California needs a $3-billion investment in new high-voltage transmission lines to avert electricity shortages and reduce costs before a wholesale market can work, State Treasurer Phil Angelides said Tuesday.
"We don't have a grid that can support a truly competitive market," Angelides said, stressing that California imports 30% of its power supplies and needs new connections to other states.
The proposal comes two days before federal and state regulators are scheduled to meet in San Francisco in an effort to redesign California's power market.
Gov.-elect Arnold Schwarzenegger wants to reopen the state's power market and has proposed disbanding the California Power Authority, a state agency that signed $43 billion in power purchase contracts during shortages in 2000 and 2001.
Angelides, however, wants to authorize the Power Authority to finance and build needed transmission lines when the private sector doesn't build them. "This is a backstop," he said.
The Power Authority would get access to short-term loans of $10 million to $20 million from the state to seek and set up transmission projects.

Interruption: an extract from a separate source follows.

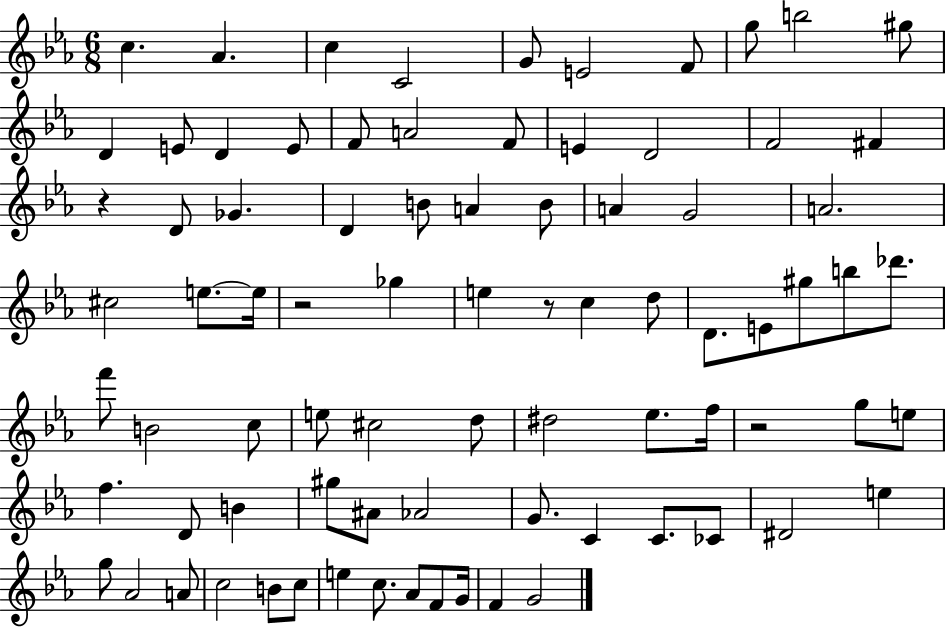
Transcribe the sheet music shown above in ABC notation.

Angelides also wants the California Energy Commission to publish and update a 10-year power grid plan that would encourage investment in power lines where it's needed most.
"We need new criteria that will look at transmission" projects from a consumer's perspective, said S. David Freeman, former chairman of the Power Authority.
Consumer groups, including the Utility Reform Network and Consumers Union, support the proposal.